Air pollution forced Bosnian authorities to shut schools in the capital Sarajevo on Thursday, while smog levels also spiked in other parts of the Balkan country due to a lack of rainfall, local officials said.
The air quality index, whose "normal" levels range from 0 to 50, reached 94 in Sarajevo on Thursday, official data showed.
Registered levels had been even higher in recent days, with the index soaring above the dangerous 300 mark and the city literally shrouded in a smog.
Regional authorities in Sarajevo decided to close primary and secondary schools Thursday, they said in a statement, while the city council demanded an early start to the winter holiday, so that children would be spared from being exposed to the smog.
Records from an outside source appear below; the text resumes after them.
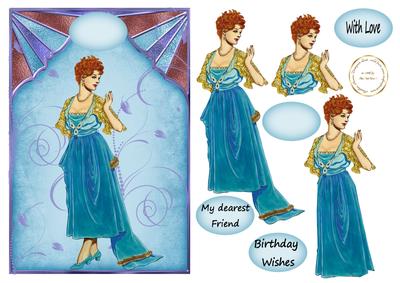 Stain Glass Deco Lady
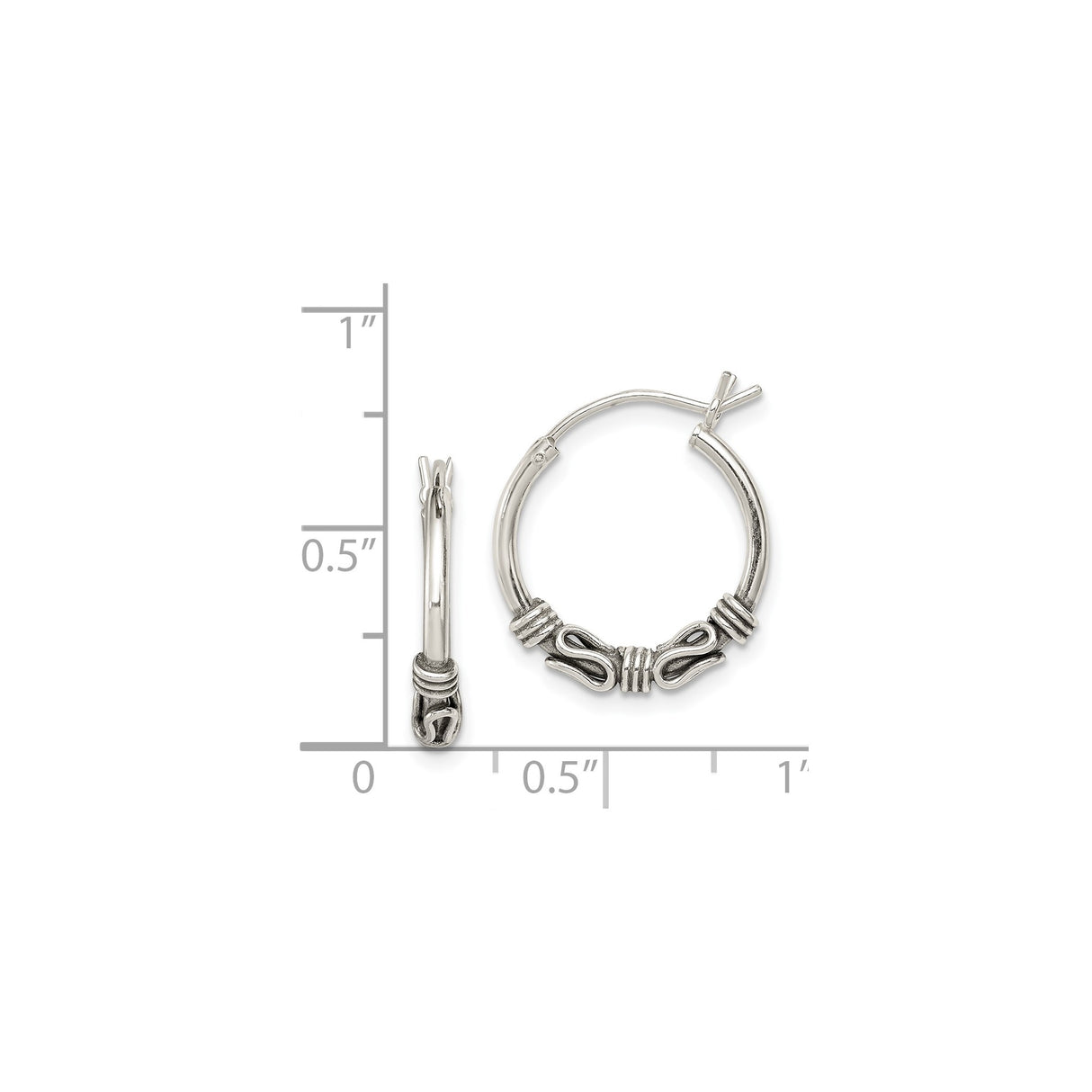 Sterling Silver Hoop Earrings with Ornate Wire Scrollwork, Lightweight Balinese Boho Style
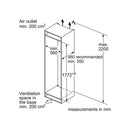 Grade A Siemens iQ100 KI87VNSE0G Integrated 270 Litre 70/30 Low Frost Fridge Freezer White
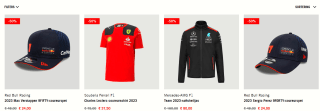 Tot 60% korting op veel F1 Merchandise ( oa RedBull )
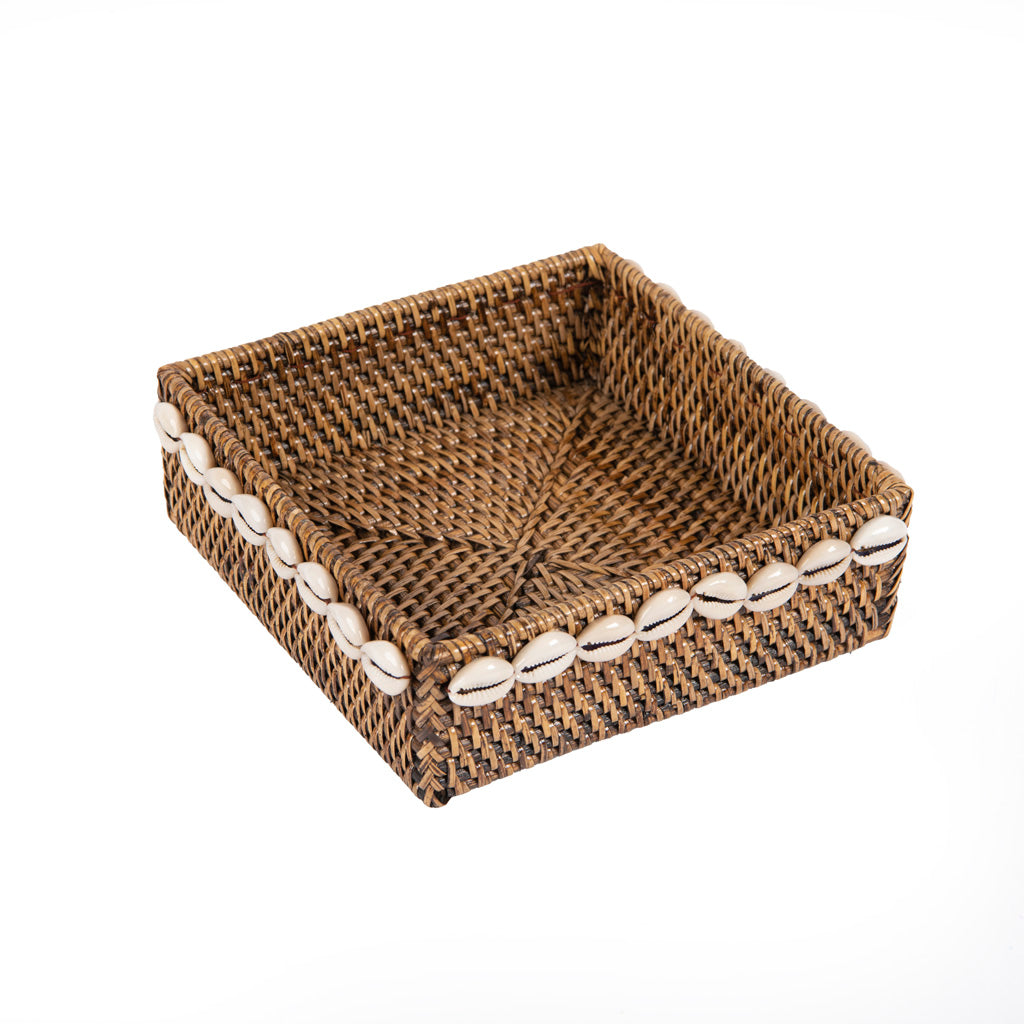 Rattan Deniz Kabuklu Peçetelik 15x15 cm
Winter holidays traditionally start later in Bosnia than in western Europe, just ahead of the New Year.
Health authorities urged citizens meanwhile, particularly those with health problems, pregnant women and children, to refrain from going out at all.
Red Cross and non-governmental activists distributed protective masks to people across the city, which is surrounded by mountains that lock in the air especially during dry spells.
Pollution levels were also exacerbated by fumes from heating tens of thousands of homes.
Weather forecasts indicate that smog levels are not expected to improve before January.
Several other Bosnian towns were also hit by smog, especially those with large industrial areas such as Lukavac and Tuzla, where the air pollution index reached 293 and 193 respectively on Thursday.